Buscamos dónde almorzar y en el camino vamos comparando precios: una cabeza de plátanos, unos cien de ellos, por cuatro soles; tres paltas por un sol. Mi hija dice que en Arequipa el precio de la palta fuerte ha subido tanto porque ya no hay agua en Omate; mi esposa añade “Y porque la están exportando: ahora pagamos precio de turista en nuestro propio país; eso dice mi profesor de Planificación”.
Ha escampado y el sol destella ahora en las gotas de agua que penden todavía de hojas y flores por todo Coroico. A por los postres, bajamos un kilómetro de trocha hasta llegar a “Villa Bonita”, un restaurante vegetariano metido en medio de la montaña atendido por una pareja, ella paceña y él suizo. Preparan los pasteles y helados caseros más deliciosos, que no se pueden conseguir por todo el dinero en los mejores lugares de los malls arequipeños. Pájaros de todas las especies le cantan a la tarde. Nosotros tratamos de quedarnos allí, arrellanados en nuestras sillas, todo lo que podamos, saboreando los dulces, el olor de la tierra mojada, la tibieza de la maravillosa selva, descubriendo decenas de variedades de plantas ornamentales que crecen silvestres a nuestro alrededor unas encima de otras.
Curiosos, conversamos un momento con la dueña; se llama Ninfa. Es su verdadero nombre. Se conoció con Jan mientras trabajaba de mesera en La Paz y luego él la invitó a Suiza, un año después se casaron y decidieron radicar en Coroico donde gracias a los préstamos de familiares lograron comprar este trozo de paraíso terrenal.
“¿Es un buen negocio?”, le pregunto. “Da para vivir. No vamos a hacernos ricos, pero criamos a los niños, abrimos a la hora que queremos, no tenemos que comprarnos ropa elegante ni de moda, y vivimos en paz, de nuestro trabajo y sin engañar a nadie”, me contesta.

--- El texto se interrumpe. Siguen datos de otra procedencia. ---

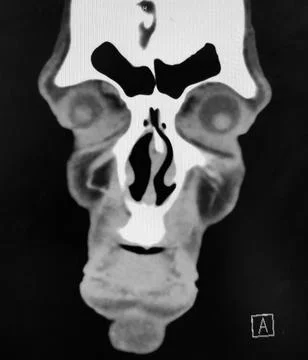 Coronal CT Scan of the Sinuses and Face Stock Photos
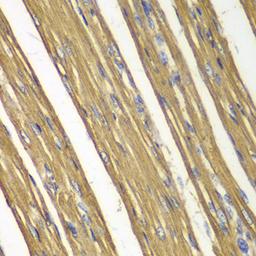 Immunohistochemistry  - Caspase-7 antibody (A0716)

Cuenta que Coroico era la región de vacaciones de la burguesía urbana que ha empezado a vender sus casas de montaña para irse al extranjero; que ahora comenzaron a venir los turistas, especialmente los paceños y algunos pocos europeos; que la temporada alta es en agosto y septiembre, y en enero y febrero para los escolares, “el resto del tiempo esto es muy tranquilo”, dice.
La pareja tiene también para alquilar dos pequeñas cabañas rústicas, un poco más arriba del restaurante; queremos visitarlas por si volvemos. Están bien, son cómodas y limpias, hacemos planes para ahorrar y quedarnos una semana aquí, algún día.
En el camino de vuelta vamos recogiendo ramas de las flores más bellas y exóticas imaginables con la esperanza de sembrarlas en Arequipa. Nos prometemos cultivar nuestro jardín y forestar el trozo del cerro que poseemos detrás de la casa en Buena Vista, Sabandía. Lo que quisiéramos, en lo profundo de nuestras almas, es conservar un poco este momento en Coroico para siempre.